■ **What is needed**
For the records below, print the lines from the line with "M65MHY New Jersey License Plate" through the line with "2008 Toyota Rav4" exactly as written; include both end lines and exclude the rest.

■ **Exercise materials**
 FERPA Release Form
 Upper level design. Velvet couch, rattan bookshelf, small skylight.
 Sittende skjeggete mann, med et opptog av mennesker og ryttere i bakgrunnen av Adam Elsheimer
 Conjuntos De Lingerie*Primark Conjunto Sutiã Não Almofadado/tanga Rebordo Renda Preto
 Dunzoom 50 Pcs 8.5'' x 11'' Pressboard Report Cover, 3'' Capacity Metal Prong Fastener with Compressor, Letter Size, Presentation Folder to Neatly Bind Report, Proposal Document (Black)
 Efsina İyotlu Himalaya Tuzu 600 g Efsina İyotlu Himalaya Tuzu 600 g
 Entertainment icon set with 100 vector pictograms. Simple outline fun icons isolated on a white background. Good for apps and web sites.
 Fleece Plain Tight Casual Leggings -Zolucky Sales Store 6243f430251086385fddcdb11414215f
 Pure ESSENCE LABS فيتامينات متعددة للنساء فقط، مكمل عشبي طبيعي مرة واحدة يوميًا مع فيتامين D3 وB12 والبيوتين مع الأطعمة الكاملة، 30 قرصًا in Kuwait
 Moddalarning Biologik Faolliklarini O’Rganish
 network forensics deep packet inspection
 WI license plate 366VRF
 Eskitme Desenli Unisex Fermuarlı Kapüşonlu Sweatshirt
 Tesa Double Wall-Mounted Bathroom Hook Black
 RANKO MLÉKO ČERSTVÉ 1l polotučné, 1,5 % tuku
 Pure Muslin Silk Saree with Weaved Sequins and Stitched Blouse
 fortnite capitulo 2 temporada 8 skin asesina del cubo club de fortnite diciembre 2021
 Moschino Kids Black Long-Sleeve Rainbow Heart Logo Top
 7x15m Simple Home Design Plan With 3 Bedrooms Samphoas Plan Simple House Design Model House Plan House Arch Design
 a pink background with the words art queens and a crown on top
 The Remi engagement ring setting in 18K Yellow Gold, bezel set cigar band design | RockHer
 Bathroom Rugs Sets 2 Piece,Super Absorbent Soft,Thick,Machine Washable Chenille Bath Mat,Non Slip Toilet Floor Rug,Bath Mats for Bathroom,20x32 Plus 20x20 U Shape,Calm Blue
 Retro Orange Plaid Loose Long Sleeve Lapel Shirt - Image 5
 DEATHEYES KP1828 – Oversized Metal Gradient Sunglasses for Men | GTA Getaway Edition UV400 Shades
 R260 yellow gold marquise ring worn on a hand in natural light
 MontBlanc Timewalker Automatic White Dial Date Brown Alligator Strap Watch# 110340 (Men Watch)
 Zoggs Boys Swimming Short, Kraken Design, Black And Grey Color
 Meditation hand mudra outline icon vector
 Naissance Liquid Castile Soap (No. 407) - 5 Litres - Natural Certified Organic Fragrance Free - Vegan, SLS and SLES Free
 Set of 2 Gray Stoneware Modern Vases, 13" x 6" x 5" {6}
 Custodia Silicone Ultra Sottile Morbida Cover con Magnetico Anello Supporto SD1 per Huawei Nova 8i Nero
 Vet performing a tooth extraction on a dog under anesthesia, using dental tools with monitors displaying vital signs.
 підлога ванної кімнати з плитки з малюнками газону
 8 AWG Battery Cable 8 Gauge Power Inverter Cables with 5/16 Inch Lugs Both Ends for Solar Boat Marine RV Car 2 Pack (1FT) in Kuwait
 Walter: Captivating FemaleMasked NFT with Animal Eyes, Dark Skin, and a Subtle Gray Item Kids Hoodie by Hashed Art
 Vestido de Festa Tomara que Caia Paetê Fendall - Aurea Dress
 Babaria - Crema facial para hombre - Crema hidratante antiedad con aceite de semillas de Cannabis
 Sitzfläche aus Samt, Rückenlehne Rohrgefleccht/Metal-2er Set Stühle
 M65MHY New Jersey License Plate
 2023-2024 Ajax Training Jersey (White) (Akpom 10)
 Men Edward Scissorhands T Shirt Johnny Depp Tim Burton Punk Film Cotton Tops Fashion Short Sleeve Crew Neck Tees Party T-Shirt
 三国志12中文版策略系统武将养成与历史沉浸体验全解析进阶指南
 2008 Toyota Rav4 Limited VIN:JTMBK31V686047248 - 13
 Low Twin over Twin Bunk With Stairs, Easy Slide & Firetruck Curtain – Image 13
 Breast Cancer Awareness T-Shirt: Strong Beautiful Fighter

■ **Output**
 M65MHY New Jersey License Plate
 2023-2024 Ajax Training Jersey (White) (Akpom 10)
 Men Edward Scissorhands T Shirt Johnny Depp Tim Burton Punk Film Cotton Tops Fashion Short Sleeve Crew Neck Tees Party T-Shirt
 三国志12中文版策略系统武将养成与历史沉浸体验全解析进阶指南
 2008 Toyota Rav4 Limited VIN:JTMBK31V686047248 - 13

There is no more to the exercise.